L’amnistie fiscale est un mauvais signal et ne peut être octroyée qu’une seule fois. Il faut faire preuve d’exigence, au moins avec les cabinets de conseils qui proposent de l’optimisation fiscale. Sinon, on laisse ces activités demeurer rentables.

Depuis la fin des années 1980, on perçoit un mouvement « anti paradis fiscaux » tous les dix ans. Dans les années 1980, on a eu le mouvement du Groupe d’action financière (GAFI) contre le blanchiment d’argent, à la fin des années 1990, une volonté de lutter contre les pratiques fiscales dommageables. A chaque fois, on a créé des listes, en se basant sur une approche étatique. Sauf que l’on se heurte aux contraintes diplomatiques, limitant par là-même les résultats potentiels. A la fin des années 2000, la question de la lutte contre les paradis fiscaux, dans un contexte de crise économique internationale, est revenue sur le tapis.

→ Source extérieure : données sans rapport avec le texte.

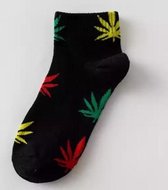 Wiet enkelsokken - Cannabis enkelsokken - Wietsokken - Cannabissokken - zwart-geel-groen-rood - Unisex Enkelsokken - Maat 36-45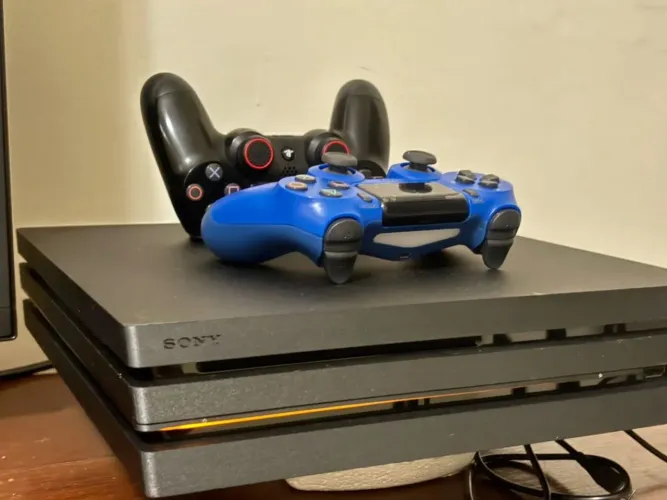 KIT COMPLETO: PLAYSTATION 4 PRO 1TB - CAIXA, NOTA FISCAL, 2 CONTROLES + 4 JOGOS!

On a affaire à un vrai secteur économique à part entière, avec ses fiefs, ses marchés de prédilection où il va trouver ses clients, et ses champions, c’est-à-dire une vingtaine de banques internationales. Il ne suffit donc pas simplement de s’attaquer aux territoires, mais surtout à ces acteurs économiques. L’évasion fiscale n’est pas un problème territorial, c’est une industrie qui a une clientèle (des grandes fortunes, des multinationales, des intermédiaires financiers et juridiques qui jouent un rôle de conseil, de certification des comptes, …

La France cherche à modifier la législation européenne : mais il faut d’abord imposer la transparence en France, et pour cela, on n’a pas besoin du Luxembourg ! Faire un FATCA à l’échelle de la France, c’est possible.